NASA would first of all have the problem that its shareholders are not wanting it to build rockets, but to provide jobs in states of some selected senators.

Then it would have to please scientific interests as well beyond the initial mission.

But then for a good comparison, look at the development of the Atlas V, which started effectively in 1994 with the EELV program and the first requirements getting formulated. It took Lockheed 8 years until the first launch from that point on.

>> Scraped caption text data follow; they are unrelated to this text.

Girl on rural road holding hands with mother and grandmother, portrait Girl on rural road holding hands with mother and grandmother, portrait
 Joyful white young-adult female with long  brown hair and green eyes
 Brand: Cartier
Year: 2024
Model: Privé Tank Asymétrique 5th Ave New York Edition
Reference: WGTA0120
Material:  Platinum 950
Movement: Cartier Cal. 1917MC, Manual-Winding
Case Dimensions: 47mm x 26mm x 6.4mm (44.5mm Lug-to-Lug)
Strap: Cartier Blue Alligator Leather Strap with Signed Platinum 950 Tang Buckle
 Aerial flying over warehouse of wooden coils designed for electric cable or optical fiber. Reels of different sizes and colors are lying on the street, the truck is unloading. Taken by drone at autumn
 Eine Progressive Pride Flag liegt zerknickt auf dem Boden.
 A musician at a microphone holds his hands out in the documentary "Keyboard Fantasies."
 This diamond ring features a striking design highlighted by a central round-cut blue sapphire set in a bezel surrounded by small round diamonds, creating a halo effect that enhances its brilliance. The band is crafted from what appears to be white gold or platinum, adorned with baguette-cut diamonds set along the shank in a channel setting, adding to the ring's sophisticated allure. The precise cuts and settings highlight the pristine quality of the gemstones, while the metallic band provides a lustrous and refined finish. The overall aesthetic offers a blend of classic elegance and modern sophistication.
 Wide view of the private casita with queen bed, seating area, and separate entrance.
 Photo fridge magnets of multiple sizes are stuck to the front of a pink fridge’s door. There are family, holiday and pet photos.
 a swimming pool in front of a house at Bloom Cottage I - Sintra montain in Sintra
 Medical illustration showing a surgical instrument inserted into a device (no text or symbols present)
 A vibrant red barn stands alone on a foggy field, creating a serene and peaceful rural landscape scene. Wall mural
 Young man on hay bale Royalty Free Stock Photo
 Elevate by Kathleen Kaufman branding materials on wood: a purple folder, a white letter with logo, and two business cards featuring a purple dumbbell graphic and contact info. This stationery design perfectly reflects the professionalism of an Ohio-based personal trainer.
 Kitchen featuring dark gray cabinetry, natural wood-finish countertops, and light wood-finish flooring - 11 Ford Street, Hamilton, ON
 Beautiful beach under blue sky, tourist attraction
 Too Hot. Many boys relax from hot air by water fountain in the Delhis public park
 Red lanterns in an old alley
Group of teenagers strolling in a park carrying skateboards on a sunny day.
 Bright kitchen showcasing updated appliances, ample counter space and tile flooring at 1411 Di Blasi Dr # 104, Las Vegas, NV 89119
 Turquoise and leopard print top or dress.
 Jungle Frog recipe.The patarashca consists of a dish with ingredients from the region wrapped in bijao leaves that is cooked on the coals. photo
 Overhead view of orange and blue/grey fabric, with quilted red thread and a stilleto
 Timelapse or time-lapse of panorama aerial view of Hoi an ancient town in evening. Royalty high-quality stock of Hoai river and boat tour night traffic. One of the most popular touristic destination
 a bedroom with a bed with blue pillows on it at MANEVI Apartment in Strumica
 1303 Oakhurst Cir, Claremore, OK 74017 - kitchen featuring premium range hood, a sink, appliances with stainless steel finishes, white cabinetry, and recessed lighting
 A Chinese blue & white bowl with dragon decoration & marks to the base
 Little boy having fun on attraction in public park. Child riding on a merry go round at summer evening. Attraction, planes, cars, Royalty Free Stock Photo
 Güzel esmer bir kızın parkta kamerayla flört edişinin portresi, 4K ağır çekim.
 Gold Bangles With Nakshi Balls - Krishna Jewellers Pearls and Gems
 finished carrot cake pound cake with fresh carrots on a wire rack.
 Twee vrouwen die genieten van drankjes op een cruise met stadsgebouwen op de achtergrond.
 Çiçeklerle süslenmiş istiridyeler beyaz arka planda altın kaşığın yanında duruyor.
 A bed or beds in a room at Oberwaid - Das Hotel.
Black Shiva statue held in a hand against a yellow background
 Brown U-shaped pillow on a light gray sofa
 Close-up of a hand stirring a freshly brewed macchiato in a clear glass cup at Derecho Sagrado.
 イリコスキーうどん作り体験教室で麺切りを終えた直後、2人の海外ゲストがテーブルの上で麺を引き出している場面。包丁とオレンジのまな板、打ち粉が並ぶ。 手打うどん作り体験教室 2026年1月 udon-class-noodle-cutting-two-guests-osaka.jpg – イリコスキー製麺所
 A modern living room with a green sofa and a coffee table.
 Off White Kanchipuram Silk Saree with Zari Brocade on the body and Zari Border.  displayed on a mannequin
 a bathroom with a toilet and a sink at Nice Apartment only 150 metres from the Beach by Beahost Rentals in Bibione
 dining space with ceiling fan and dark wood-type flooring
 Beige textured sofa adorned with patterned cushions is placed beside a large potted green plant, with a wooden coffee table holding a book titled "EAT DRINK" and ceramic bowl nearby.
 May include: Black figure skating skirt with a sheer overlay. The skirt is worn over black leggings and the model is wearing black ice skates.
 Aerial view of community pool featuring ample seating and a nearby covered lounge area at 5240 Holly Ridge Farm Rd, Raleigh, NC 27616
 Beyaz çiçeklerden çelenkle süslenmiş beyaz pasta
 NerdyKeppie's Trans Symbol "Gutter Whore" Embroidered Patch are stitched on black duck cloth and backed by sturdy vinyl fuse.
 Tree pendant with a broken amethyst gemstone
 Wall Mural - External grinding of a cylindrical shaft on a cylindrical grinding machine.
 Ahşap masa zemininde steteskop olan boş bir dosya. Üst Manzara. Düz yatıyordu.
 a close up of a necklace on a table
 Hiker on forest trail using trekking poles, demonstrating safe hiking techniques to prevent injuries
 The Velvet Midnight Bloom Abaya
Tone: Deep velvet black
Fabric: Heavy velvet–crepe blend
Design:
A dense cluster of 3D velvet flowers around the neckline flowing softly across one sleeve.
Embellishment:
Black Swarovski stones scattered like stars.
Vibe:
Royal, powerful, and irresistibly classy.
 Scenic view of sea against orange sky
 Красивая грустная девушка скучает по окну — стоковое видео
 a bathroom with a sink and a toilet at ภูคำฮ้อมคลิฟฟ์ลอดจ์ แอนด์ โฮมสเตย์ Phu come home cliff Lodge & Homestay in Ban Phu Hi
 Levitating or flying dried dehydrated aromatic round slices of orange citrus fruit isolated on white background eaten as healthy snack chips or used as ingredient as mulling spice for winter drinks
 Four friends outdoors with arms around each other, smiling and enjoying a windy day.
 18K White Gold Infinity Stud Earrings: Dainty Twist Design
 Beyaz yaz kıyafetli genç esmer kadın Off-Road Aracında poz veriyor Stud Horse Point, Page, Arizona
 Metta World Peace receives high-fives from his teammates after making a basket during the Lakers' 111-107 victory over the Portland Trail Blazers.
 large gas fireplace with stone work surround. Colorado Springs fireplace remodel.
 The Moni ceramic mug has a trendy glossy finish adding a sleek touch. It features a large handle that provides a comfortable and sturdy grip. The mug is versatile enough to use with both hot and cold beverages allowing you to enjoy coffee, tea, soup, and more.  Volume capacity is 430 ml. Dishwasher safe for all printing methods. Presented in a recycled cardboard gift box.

SpaceX officially started to develop the Falcon 9 in 2005 and needed 5 years until it flew first. Lets forget the fact that a heavy launcher was already in development as Falcon 5 when SpaceX was founded in 2002. The Falcon 9 1.1 was done in 2013, 8 years later. First successful landing was in 2015, ten years after the Falcon 9 program started, four years after the Grasshopper program of SpaceX was discovered by journalists and afterwards confirmed by SpaceX - it is not known when SpaceX started to develop the landing technology.

Important other factor: SpaceX been awarded contracts worth 4.2 billion USD since 2008 from NASA. That is a whole lot of money. SpaceX was supposed to deliver 12 CRS resupply missions to the ISS, now its only 10, and one of those was a failure. Still NASA will pay for it. And those NASA contracts allow SpaceX to get a lot of loans from banks because of that.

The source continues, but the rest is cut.